> What you will do: Under this line are the records; repeat exactly the lines starting at the one containing "Danxen Criança Camisola" and ending at the one containing "Chanel 25K Ankle", omitting pictures.

### Material provided

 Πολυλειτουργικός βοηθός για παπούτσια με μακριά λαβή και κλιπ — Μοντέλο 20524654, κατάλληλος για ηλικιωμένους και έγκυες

######
### Material provided

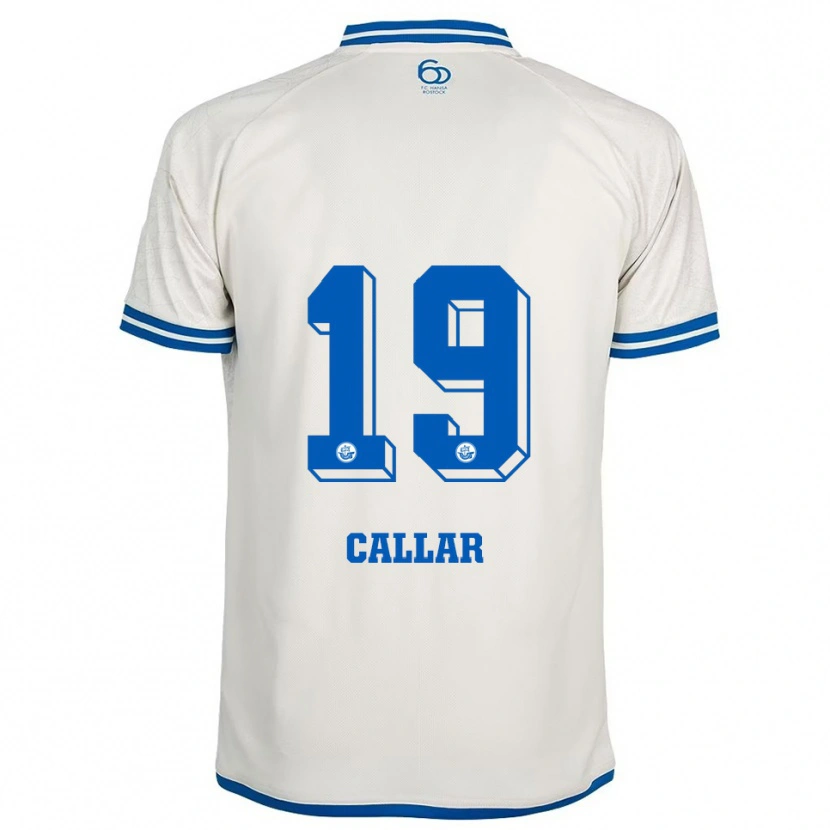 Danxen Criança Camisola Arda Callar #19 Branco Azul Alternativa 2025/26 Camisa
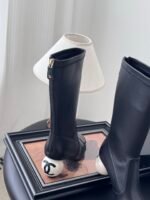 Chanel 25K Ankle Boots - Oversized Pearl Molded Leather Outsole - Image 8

######
### Material provided

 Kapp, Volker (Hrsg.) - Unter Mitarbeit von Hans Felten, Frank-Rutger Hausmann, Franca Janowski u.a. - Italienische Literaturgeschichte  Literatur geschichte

######

> Exercise solution:
 Danxen Criança Camisola Arda Callar #19 Branco Azul Alternativa 2025/26 Camisa
 Chanel 25K Ankle Boots - Oversized Pearl Molded Leather Outsole - Image 8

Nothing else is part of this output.